Wednesday, 18 July 2012

The Tear

Once again it's a very long time since I blogged.  The wedding and other activities have gotten in the way.  However, I have just finished listening to the Richard Burton legacy on Radio Two, and I don't know whether it is the voice, the words, the poetry, the choirs, the sounds at least, but I was moved to write a poem. It has nothing really to do with Burton, just a poem and I wanted to share it with you.

I sat there, listening
Not moving, not thinking
And slowly, almost imperceptively at first
A tear formed in the corner of my eye
And began to roll
Picking up speed, dragging the remnants of dead skin with it
Passing over the cracks in the pavement face
A single tear to me
But a tsunami of emotion to my face
A storm, a maelstrom
A well of water, body salted
Erupting out of me
In that single drop
All my loves and fears and hopes
Found condensed into liquid form
Leaving tracks on my cheek
To dry, to vanish
And remain bottled up once more.

Friday, 15 June 2012


After the recent story about David Cameron leaving his daughter in the pub while he went home, I wondered whether his credibility to look after the country had fallen since he has trouble looking after just one member of the population...therefore I have a question to ask and I would be grateful if you could give an honest an answer as you possibly can...

Click here to take survey

Wednesday, 25 April 2012

Twelfth Man

Hard to believe it's been a whole month since I last blogged.  I could use the excuse that my fiancee's computer broke down and so we've been sharing mine, and as such I haven't had as much use of it as usual.  But that would be a bit unfair on her.
I could also use the excuse that I have been writing some pieces for my manager's retirement do (I was asked after my office realised I was the only person with any creative side), and so been writing elsewhere.  That, I guess would be more justified.
Either way, it's been awhile.  So by way of an apology I have a short story for you today, if you could call it a story that is.  It's more of a short piece, inspired by the tons of John le Carre that I have been reading lately and the start of the cricket season.  It is called Twelfth Man.
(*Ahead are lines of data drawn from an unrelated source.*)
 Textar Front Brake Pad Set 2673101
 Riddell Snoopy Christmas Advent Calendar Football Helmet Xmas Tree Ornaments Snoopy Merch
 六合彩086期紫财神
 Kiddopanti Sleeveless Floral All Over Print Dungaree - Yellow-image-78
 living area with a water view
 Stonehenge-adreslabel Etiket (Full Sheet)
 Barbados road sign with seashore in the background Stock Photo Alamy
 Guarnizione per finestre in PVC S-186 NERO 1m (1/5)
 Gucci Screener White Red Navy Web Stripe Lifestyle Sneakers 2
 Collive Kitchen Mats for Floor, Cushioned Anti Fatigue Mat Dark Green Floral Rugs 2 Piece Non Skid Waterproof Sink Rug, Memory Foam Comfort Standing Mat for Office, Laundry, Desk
Operationally, he’d gotten the batting order completely wrong.  Starting off with Simpson and Blacklock to make an impression was a huge mistake.  Instead, it was all guns blazing (literally) as if bullets were going out of fashion.  Not in Charlton Heston’s lifetime he thought ruefully, let alone mine.  At least they had seen off one of them, nothing like two big ones over the rope in the first over for that.
Still, it left poor Frazer with amends to make, partnerships to build under fire; not his thing that, poor Frazer.  Didn’t last long.  Should have opened with him, he thought, given him less exposure before the big off.
Then it was Charlie, the kid.  Still called him Charlie rather than Owens as he would with the others.  Funny that.  He guessed he’d taken to the kid, not a thing to do in this job, but he was the sort of kid you took to.  Scruffy hair, ruddy cheeks and more go than a Twenty20 cheerleader.  He did his best, but it called for steadier hands, older hands, hands that had worn themselves through a dozen pairs of gloves and not still breaking in the first.
Rawlins would have done that, were it not for that bit of bad luck.  No-one expects the lunch lady to pull off a thing like that, even if they are a quarter Russian and half Iranian.  Even he hadn’t seen that, let alone Rawlins.  He’d have pulled Charlie through if he could’ve but it was just too much for the kid.
And then it was he himself.  He envisaged coming in at the last to score the winning runs, Captain, ‘keeper, all-rounder to finish things off.   He was never a starter, always found it hard to get up in the morning.  But once he was up, once he was out in the middle, he was more concentrated than the evaporated that never failed to appear with the sticky toffee at tea.
But by then he didn’t have many with him.  Only the back roomers; or the tail as he liked to call them.  O’Connor and Bailey, Ambleside and Davidson, and finally the big giant they called the Blacksmith.  Flaherty his real name, an Irishman by descent only and had seen both sides of the troubles at close quarters.  Plenty of experience, but that meant age in this game too.
And the poor fellows didn’t even have protection; no pads let alone helmets.  And with five and a half ounces coming at you out of the dark at ninety miles per hour, no one gamely calling ‘Play’ let alone a sightscreen, well you’ve got no chance.  No chance at all.
So here he was, last man standing, the team all out and it only being tea on day one; or at least that’s how it could be.  He still had one more trick to play though.  One more roll of the proverbial to cast out.  His twelfth man, tea boy, water carrier.
He would have stuck him in the first eleven, first name on the team sheet, star player but the selectors said no.  Even injury, sickness or return of the plague would not change their minds.  Bad sort, they said, not a team player, chequerboard past.  Perfect he thought for the game of chess that this was.  But still no they said. And they were adamant.
But then it dawned on him.  Who best to have in reserve than him?  If the selectors won’t pick him then even they wouldn’t think of it.  Considered out of favour and consigned to the nets as a warm-up for the rest.  He had still hoped not to have to use him, but use him he must now or else the game was indeed up.  You didn’t come back from being all out at tea.  He picked up the telephone.

Monday, 26 March 2012


It's been quite a while since I last blogged.  This past fortnight has been a little crazy really, partly for reasons that I would rather not go into, but partly also because of Tesco.
For over a year now we have had regular home deliveries from Tesco and they have worked really well for us.  Living a good mile and a bit from our nearest store, it is not always easy to walk home laden with bags of potatoes, pots of yoghurt and other heavy items.  Therefore to have these delivered to your doorstep is a great thing.
However, in the past couple of months Tesco have closed ten of their local 'hubs' and are operating from a single one in Enfield - which is a long long way from where I live.  As such our order from two months ago arrived an hour and half late.  We had guests at the time and part of our dinner was in said order, making a very embarrasing and frustrating evening for us.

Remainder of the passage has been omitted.